OPINION

On human value…

When they are alive and well and in our midst, they scare us. They only become people after they die – having suffocated in a ship’s hold, frozen to death in the back of a truck or blown apart by landmines. We are more affected when the dead are children; 5-year-old girls, babies, bobbing on the waves like so many discarded plastic bags. They could be our own children, we muse. But our horror is not overwhelming. How could it be? To share the grief for all these deaths, we would need more than one heart, we tell ourselves. And if our memory was capable of preserving all the pain of the past, we would buckle under such a weight. We enjoy our lives, we ponder on old wise sayings precisely because we are able to forget.
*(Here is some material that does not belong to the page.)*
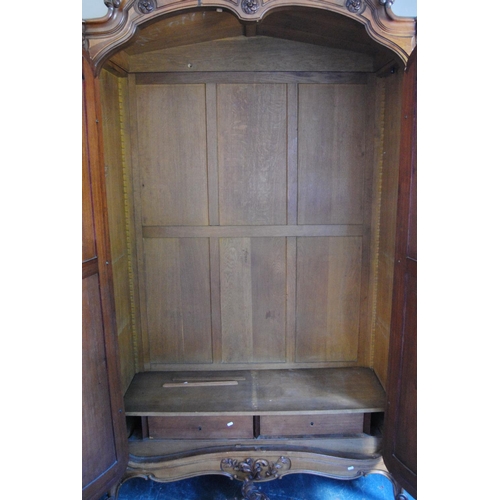 370 - French walnut armoire, with a detachable surmount above a shaped cornice decorated with floral round...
In the case of illegal immigrants, we forget very quickly. And not because we have one heart rather than a thousand. But because pain, when it is someone else’s, is always explicable, comprehensible (it is only our own grief that is unfair, irrational, inconceivable). Migrants dare to cross the stormy sea in a children’s dinghy because they are desperate. They know that smugglers sometimes throw migrants overboard to evade arrest. But they take this risk because they are poor. Those who can afford it pay a bit more to cross the Aegean on speedboats thanks to a well-organized and lucrative Turkish machine which «exports» the problem of illegal immigration. Clearly, we are not all equal before death, as some of us can do more to ward it off than others.